Because many millions of spikes may be detected in a single recording and the distance matrix grows as \(O(n^2)\), we quickly run out of memory. Instead, we take advantage of the fact that two spikes which are far away from each other in space and in time are unlikely to be from the same neuron and thus should not belong to the same cluster. So instead of computing the distance between a spike and every other spike, we restrict our comparison of spikes on site \(K\) to spikes which either also peak on site \(K\), or have a secondary peak on site \(K\). Additionally, if you specify, we also restrict our comparison to spikes occurring nearby in time (you might want to do this if you observe drift in your recording). This has a tendency to oversplit clusters, but they can be merged later.

Determining \(d\)

The best cutoff distance in feature space is generally not known a priori. In order to determine a good cutoff distance, we instead estimate a percentile you specify (the 2nd percentile by default), call it \(d_i\), of the pairwise distances between spike features on each site \(i\). We then take the median of the \(d_i\) as our global cutoff distance.

(This behavior can be overridden by setting the parameter useGlobalDistCut to 0 in your config file.)

Assigning clusters: “sufficiently dense” and “sufficiently far”

Once every spike has its \(\rho\) and \(\delta\) scores, along with the nearest neighbor of higher density corresponding to the \(\delta\) score, we then determine cluster centers.

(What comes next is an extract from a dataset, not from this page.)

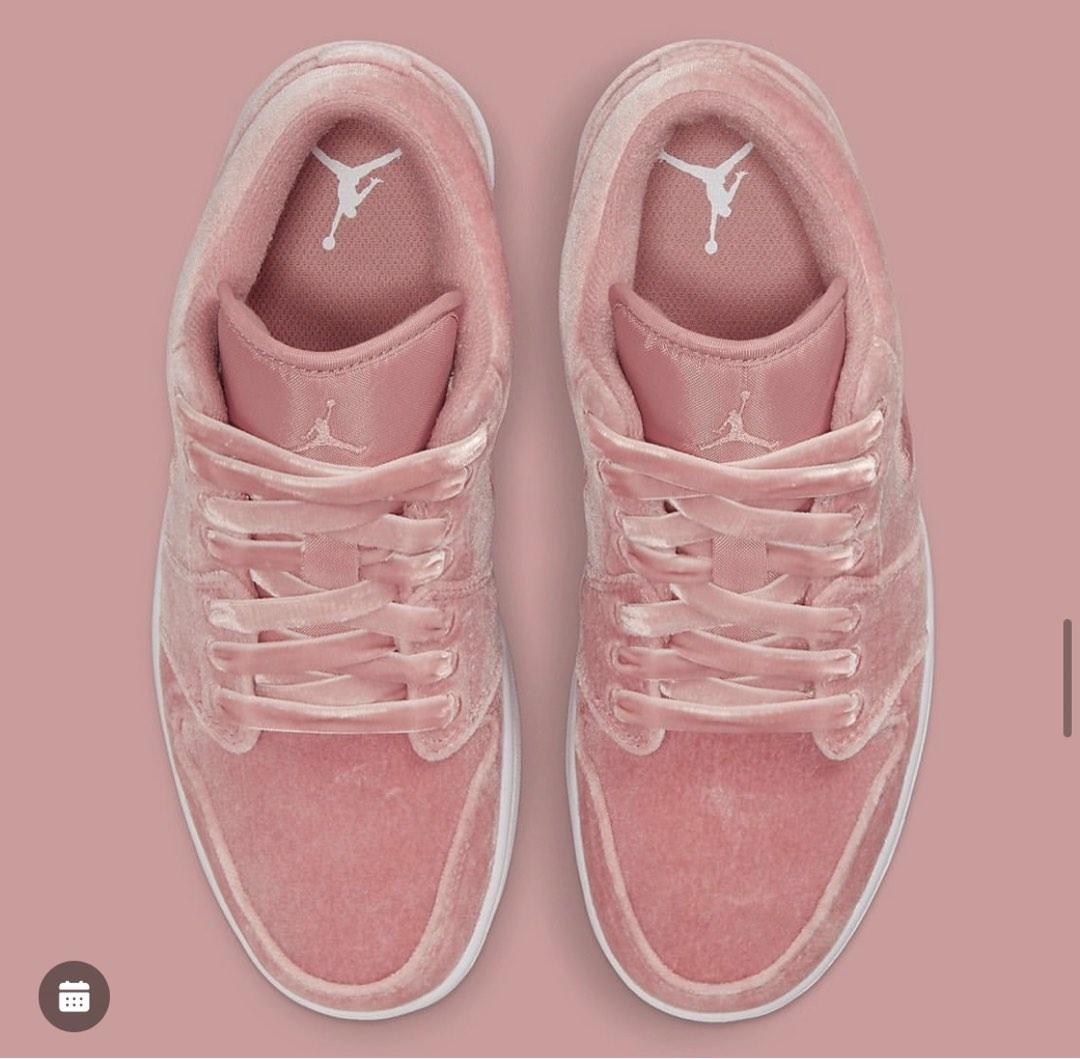 Nike air jordan pink top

You must specify the thresholds to determine a cluster center. In particular, a spike \(i\) must have \(\log_{10}(\rho_i) > \text{log10RhoCut}\) (“sufficiently dense”) and \(\log_{10}(\delta_i) > \text{log10DeltaCut}\) (“sufficiently far”). If you specify, this comparison may be made against a detrended plot, as in the images below.

../../_images/rdPlot.png

Once cluster centers are assigned, it is a straightforward operation to assign spikes to clusters: for each spike which has not been assigned a cluster (initially, this is all spikes which are not cluster centers), assign it to the same cluster as its nearest neighbor of higher density. Most spikes will remain unassigned at first, but on each iteration of this procedure, the number of spikes which are unassigned will shrink until all spikes have been assigned to clusters.

Note

Because we compared primary peaks with secondary peaks, a spike may have as its nearest neighbor a spike on a nearby site.

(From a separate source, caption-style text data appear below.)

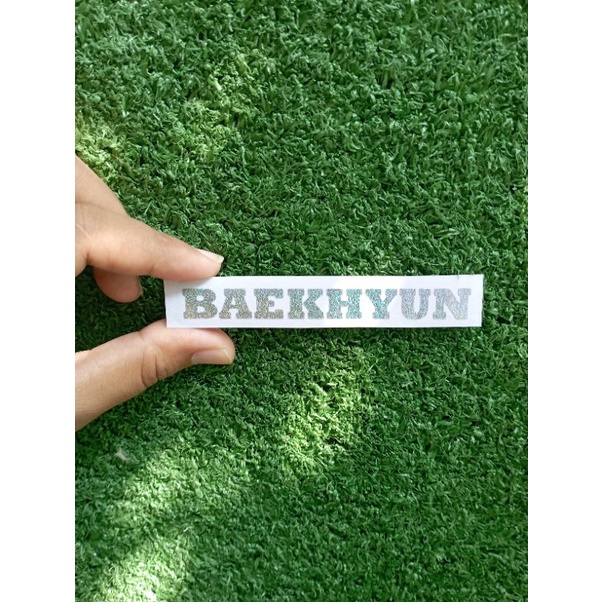 

stiker hologram nama idol exo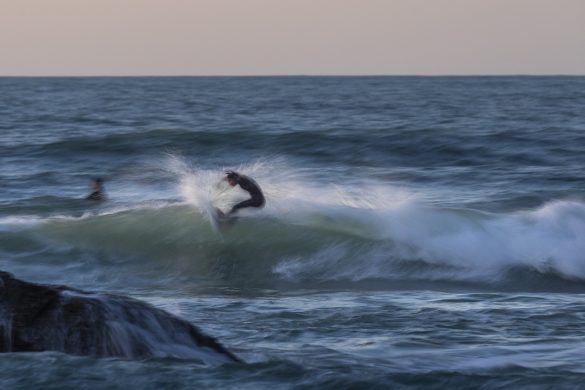 Misha Peyroux, dusk free surf.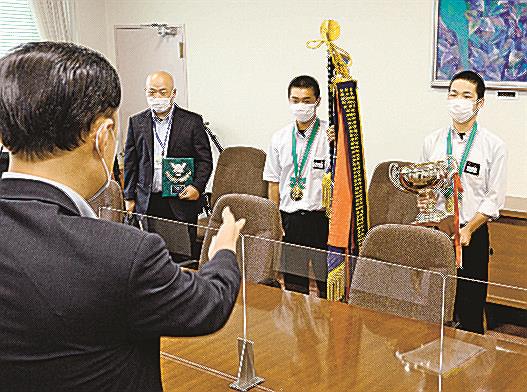 丸山達也知事に全国制覇を報告する知野見蒼太選手（右から２人目）ら＝松江市殿町、島根県庁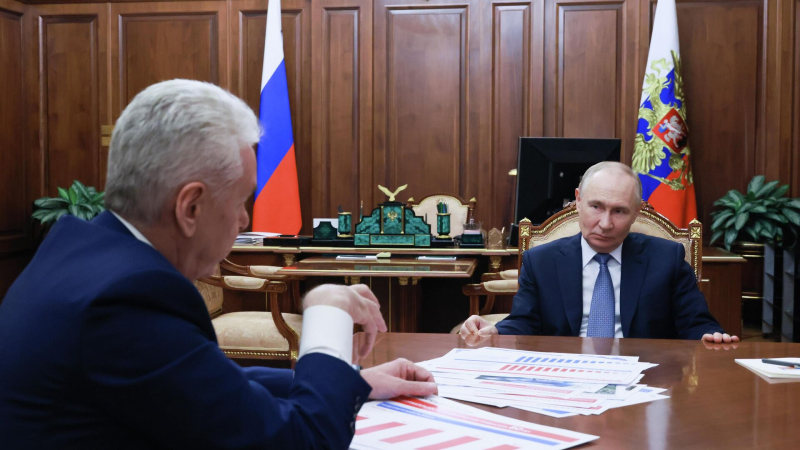 Путин оценил работу Центра фотошаблонов в Зеленограде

Merging possibly oversplit clusters

After the initial clustering using, units with similar mean raw waveforms are merged based on their similarity, as computed using the Pearson correlation coefficient of the waveforms. Since probe drift changes the spike waveforms, averaged waveforms are computed at three depth ranges per unit using their center-of-mass positions. Additionally, a time shift is applied between each pair to find the maximum cross-correlation value. The similarity score is taken as the maximum score from the resulting \(3 \times 3\) correlation matrix for each unit pair. Any cluster pair whose maximum similarity exceeds a threshold you specify is merged.

This process is repeated some number of times and the resulting clustering is output for inspection.